Er reagierte auf eine huschende Bewegung und sah am anderen Ende des Zimmers eine verborgene Tür, die sich in diesem Moment schloss. Bevor Gurney rufen konnte, dass Bronso nicht da war, bevor er auch nur hoffen konnte, dass kein anderer sie bemerkt hatte, brüllte Levenbrech Orik: »Sie entkommen!«
Duncan schlug die Tür am anderen Ende des Zimmers ein. Man konnte Schritte hören, die die Treppe hinaufeilten. »Aufs Dach!«, rief er. »Schickt mehr Männer aufs Dach!«
Gurney drängte ihn ab und übernahm die Führung. Er rannte den Gang hinauf, in der Hoffnung, ein oder zwei zusätzliche Sekunden zu gewinnen. Auf einem Schutthaufen im Treppenhaus stolperte er mit Absicht und hielt so die Männer hinter ihm auf, um dann mit übertriebener Vorsicht weiterzugehen.
Gurney trat im trügerischen Licht der zunehmenden Dämmerung aufs Dach und machte zwei schattenhafte Gestalten aus, die auf den leicht schimmernden Tarnschild zuliefen, unter dem ein Ornithopter verborgen war. Er musste davon ausgehen, dass eine der beiden Jessica war. Nach einer kurzen hitzigen Diskussion trennten sich die beiden, und die Frau rannte zu einer weiteren Tür am anderen Ende des Dachs. Gut ... sie sind nicht mehr zusammen. Wenn Jessica weit genug entkam, konnte sie vielleicht alles abstreiten.

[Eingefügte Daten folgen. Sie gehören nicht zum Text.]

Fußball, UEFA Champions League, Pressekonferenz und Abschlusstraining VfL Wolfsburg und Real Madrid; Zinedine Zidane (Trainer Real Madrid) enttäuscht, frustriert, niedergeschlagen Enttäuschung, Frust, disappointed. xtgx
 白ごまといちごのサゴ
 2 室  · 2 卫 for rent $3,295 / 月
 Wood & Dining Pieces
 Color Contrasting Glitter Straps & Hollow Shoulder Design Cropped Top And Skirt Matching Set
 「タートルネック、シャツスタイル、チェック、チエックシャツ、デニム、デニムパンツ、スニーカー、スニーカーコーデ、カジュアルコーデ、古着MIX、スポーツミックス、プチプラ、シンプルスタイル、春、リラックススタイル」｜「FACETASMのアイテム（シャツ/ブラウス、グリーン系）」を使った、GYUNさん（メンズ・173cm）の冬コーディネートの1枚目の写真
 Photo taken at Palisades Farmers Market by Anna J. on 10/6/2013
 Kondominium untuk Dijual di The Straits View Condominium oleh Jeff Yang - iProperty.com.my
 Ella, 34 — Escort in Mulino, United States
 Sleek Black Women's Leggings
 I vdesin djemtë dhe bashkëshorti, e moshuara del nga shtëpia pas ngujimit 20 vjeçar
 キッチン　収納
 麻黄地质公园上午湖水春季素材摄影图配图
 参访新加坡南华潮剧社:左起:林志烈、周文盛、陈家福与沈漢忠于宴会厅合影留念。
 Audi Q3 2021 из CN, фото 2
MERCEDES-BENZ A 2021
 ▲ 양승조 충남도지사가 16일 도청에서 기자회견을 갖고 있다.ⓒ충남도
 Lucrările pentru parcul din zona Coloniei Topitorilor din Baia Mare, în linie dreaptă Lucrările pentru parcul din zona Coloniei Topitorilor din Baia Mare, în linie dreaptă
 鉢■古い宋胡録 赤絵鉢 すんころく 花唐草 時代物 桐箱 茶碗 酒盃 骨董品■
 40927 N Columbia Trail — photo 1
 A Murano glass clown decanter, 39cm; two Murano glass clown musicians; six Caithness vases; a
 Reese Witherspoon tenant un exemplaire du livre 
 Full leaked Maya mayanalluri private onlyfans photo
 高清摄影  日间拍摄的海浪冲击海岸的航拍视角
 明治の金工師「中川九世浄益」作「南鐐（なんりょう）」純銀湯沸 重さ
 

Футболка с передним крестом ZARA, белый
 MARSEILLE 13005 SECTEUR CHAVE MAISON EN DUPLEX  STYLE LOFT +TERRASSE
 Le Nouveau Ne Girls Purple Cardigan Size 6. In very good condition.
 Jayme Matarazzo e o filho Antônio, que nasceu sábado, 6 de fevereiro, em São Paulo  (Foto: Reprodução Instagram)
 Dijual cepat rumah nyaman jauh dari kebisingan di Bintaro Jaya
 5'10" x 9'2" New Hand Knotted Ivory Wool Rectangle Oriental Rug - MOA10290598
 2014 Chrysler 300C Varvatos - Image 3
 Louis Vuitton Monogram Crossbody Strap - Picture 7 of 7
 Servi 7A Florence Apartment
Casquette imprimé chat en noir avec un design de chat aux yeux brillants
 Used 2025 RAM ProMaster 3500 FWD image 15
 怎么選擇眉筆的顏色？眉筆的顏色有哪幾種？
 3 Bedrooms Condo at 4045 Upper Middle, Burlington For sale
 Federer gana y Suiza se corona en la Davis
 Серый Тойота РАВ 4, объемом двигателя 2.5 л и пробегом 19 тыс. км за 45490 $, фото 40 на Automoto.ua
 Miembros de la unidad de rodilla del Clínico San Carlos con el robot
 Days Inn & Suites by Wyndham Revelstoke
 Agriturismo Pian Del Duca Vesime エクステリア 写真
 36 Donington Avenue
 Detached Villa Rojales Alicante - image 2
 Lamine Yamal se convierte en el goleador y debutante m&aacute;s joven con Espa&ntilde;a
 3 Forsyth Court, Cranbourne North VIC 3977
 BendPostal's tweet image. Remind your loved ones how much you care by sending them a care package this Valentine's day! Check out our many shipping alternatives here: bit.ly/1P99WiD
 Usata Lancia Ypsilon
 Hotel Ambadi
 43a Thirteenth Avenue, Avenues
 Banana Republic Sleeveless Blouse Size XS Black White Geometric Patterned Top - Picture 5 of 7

Gurney wusste, was er zu tun hatte. Die Verluste begrenzen. Sich auf das Hauptziel konzentrieren. Er musste Jessica nur ein bisschen mehr Zeit geben. »Bronso ist unser Ziel! Ihm nach!« Es war eine Schlacht wie so viele andere auch, und Jessica war ihm wichtiger, selbst angesichts des Opfers, das der Ixianer gebracht hatte. »Duncan, ich übernehme die andere Person. Los!«
Wie ein Schatten tauchte Bronso unter den Tarnschild und verschwand in einem kurzen Wabern von Farben und Dunkelheit. Gurney hörte, wie eine metallene Thopter-Luke aufgerissen wurde, ein Sitz quietschte und Kontrollen aktiviert wurden.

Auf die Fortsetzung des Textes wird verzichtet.